Most of the nation's hundreds of Christian colleges, with their rigorous
academic standards, routinely outperform state universities.  Christian home
schoolers win the national spelling bees year after year.  In a 2003 article
entitled God on the Quad, the Boston Globe described how well Christian
Evangelical students are doing on New England's liberal elite university
campuses.
As for easy to command, well Evangelical judicial nominee Harriet Miers was
forced to withdraw her nomination precisely because America's religious
conservatives are not easy to command.

5) The Christian right is anti-Scientific.

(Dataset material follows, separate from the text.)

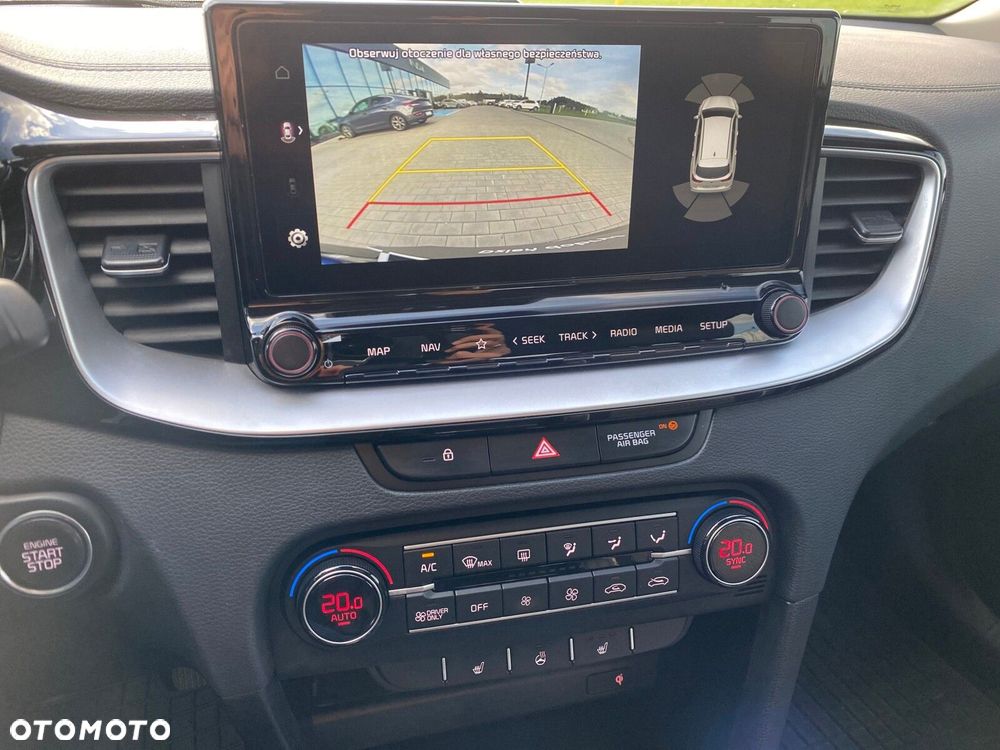 Kia Ceed - 24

This charge emerges from secular America's docile homage to the doctrines of
Darwin.  Wise and educated people today realize that the borderline between
cutting-edge science and religious belief is fuzzy.  One need only examine the
work of cosmologist Stephen Hawking, British scientific philosopher Antony
Flew, or Israeli physicist Gerald Schroeder to hear the language of theology.

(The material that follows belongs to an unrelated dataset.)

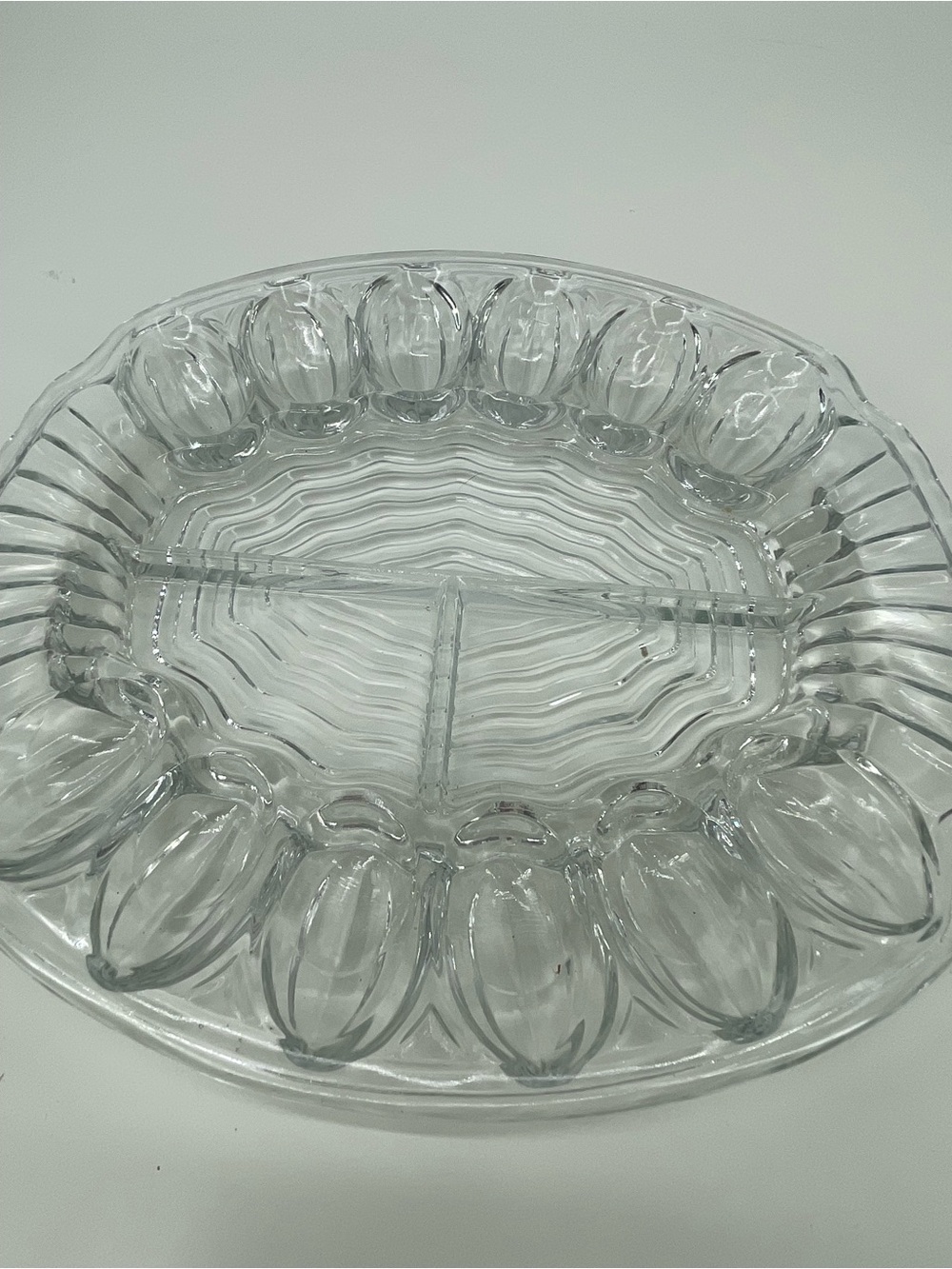 Vintage LE Smith Clear Glass Deviled Egg Platter - Picture 2 of 3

Only propagandists and ideologues think that Darwin ended the discussion.
The truth is that two incompatible beliefs can account for mankind's presence
on the planet.  The first is that God created us in His image and placed us
here.  The second is that through a lengthy process of unaided materialistic
evolution, primitive protoplasm became Bach, Beethoven, and the Beatles.
Many scientists, including the 40% who are religious according to a University
of Georgia study cited by the New York Times in February of this year, accept
the first view.  Many scientists accept the second view and some scientists
await further evidence.  The issue is hardly cut and dried because a great
deal of modern science flows as much from scientific philosophy as it does
from laboratory experiment.  This is particularly true of non-replicable
science such as that dealing with cosmology and origin of the universe
questions.
This leaves only one question:  Are secular liberals or Christian
conservatives more dogmatic and closed-minded?   To any fair-minded person,
the answer is startlingly simple.  It would be tough to find a single
Christian high school, college, or university in the nation that does not
treat Darwinian evolution seriously.  However, it would be even tougher to
find a single public high school or secular university that grants a
respectful hearing to intelligent design, let alone a religious view of
creation.
It is also only on secular campuses that truth is frequently suppressed in the
interests of political correctness.
If science means being open to all ideas, judging those ideas on the basis of
evidence rather than belief, and withholding judgment in the absence of
evidence, there can be no doubt at all.  Christian conservatives are far less
anti-Scientific than others.
In conclusion, I am sure that the ADL's Mr. Foxman cares for the Jewish people
as much as I do.  It is just that he has a radically different way of
expressing it.  To me, his frequent anti-Christian outbursts are
incomprehensible and I am sure they jeopardize the future of Jews in America
and ultimately, Jews everywhere.  He, no doubt thinks much the same about my
views.
In a spirit of respect for both him and for the traditional Jewish commitment
to the truth and to open discussion that I am sure we share, I invite Mr.
Foxman to a public debate on this topic.  Let us debate one another in order
to determine the direction for the future.  Does Jewish survival lie with a
fervent secularism that ceaselessly snaps at the heels of Christian America or
does it lie within political alliance with those people who stand firm for the
values God imparted to the Jews at the foot of Mount Sinai just over three
thousand years ago.  One way is right and the other is wrong.  Which is it?  A
debate could help expose the true answer. C'mon Mr. Foxman, let's do it.